At Ekya, we believe in delivering exemplary educational content. Designed with thought and care by our in-house curriculum team, the Ekya curriculum is globally competitive, on par with the international frameworks and modelled after standards used in schools around the world. In this feature of Understanding the Ekya Curriculum, we are joined by Ms. Supriya Punyamurthula, who engineers our Mathematics curriculum at the Ekya Learning Centre, as she takes us through the idea behind Singapore Math and why we use it in our Mathematics learning program.
What is Singapore Math?
Singapore Math refers to the teaching methodology and curriculum of Mathematics imparted to children from Kindergarten to Middle School. It has been coined after the country’s consistent top ranking on an international assessment on student achievement called Trends in International Mathematics and Science Study (TIMSS). As of its latest reports, TIMSS ranks Singapore at number 1 – higher than USA, UK, European countries and its South-Asian neighbours.
What makes Singapore Math special?
Singapore Maths is based on Jerome Bruner’s learning theory that advocates the Concrete-Pictorial-Abstract approach. In this approach, ideas are introduced using concrete materials, a pictorial representation follows and finally students engage with abstract symbolism.
Under Singapore Math, the difficulty of a concept being taught is increased in levels, grade after grade to build a stronger foundation.

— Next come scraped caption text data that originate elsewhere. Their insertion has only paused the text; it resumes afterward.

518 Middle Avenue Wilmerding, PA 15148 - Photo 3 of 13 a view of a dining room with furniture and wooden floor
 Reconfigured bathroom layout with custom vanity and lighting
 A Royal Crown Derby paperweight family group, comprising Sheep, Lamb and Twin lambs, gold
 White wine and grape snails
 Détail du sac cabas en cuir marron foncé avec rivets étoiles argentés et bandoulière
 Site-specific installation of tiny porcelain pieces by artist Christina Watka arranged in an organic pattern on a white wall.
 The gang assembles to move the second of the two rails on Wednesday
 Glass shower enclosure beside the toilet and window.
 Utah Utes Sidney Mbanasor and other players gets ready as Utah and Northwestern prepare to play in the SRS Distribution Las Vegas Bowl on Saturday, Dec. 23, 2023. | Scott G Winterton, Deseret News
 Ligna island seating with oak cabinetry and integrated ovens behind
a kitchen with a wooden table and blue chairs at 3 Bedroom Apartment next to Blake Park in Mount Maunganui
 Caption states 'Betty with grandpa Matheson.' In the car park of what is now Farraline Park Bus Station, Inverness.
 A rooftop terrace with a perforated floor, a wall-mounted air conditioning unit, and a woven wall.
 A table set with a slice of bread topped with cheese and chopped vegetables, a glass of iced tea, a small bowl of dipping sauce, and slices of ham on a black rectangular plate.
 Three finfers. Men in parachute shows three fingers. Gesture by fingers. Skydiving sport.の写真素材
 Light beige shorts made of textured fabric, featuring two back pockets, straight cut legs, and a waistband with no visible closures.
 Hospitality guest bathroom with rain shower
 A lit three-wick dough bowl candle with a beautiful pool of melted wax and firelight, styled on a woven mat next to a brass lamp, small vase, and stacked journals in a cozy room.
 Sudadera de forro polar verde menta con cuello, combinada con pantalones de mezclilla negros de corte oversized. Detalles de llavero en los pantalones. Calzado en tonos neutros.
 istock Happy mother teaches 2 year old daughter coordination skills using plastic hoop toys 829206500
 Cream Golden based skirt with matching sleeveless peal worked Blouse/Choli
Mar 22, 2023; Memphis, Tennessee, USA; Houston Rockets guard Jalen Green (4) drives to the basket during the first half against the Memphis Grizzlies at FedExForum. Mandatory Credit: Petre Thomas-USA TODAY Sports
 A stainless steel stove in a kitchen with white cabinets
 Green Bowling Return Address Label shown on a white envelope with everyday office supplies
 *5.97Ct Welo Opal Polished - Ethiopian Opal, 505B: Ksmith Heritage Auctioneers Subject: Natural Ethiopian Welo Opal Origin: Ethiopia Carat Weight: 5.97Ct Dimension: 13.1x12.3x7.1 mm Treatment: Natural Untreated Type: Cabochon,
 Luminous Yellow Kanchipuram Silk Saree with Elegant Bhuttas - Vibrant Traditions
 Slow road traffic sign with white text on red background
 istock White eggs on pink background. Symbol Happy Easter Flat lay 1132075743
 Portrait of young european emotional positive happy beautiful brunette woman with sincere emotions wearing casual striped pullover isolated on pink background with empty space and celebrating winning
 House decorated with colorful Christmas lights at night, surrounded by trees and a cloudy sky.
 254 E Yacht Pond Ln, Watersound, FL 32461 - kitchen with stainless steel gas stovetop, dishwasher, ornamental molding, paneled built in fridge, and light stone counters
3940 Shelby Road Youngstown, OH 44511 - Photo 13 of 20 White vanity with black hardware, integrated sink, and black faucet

Schools all over the world are adapting to this methodology, with Singapore Math textbooks and workbooks featuring in their core curriculum.
Mastery, Not Memorization
While conventional route of math instruction relies on drilling and memorization of many skills each year, Singapore Math focuses on children not just learning but also truly mastering a limited number of concepts each academic year. The goal is for children to perform well because they understand the material on a deeper level; they are not just preparing for an exam.
The sequence of topics in Singapore Math has been carefully constructed based upon child development theory. The beauty of this approach is that the majority of students are well prepared to tackle increasingly difficult topics, such as fractions and ratio, when they are introduced in the third through fifth grades. Those students are also then typically ready for algebra and geometry in middle school.
Visualize the Problem
Singapore Math relies heavily on visualization, which is often neglected in the conventional teaching of the subject.
“If I’m going to teach about multiplication I will bring out physical objects and demonstrate how to multiply, and then move to the abstraction of lining up numbers in a multiplication equation. Singapore Math, on the other hand, introduces a middle step between the concrete and abstract called the pictorial approach. It asks students and teachers to draw a diagram of the concepts involved.”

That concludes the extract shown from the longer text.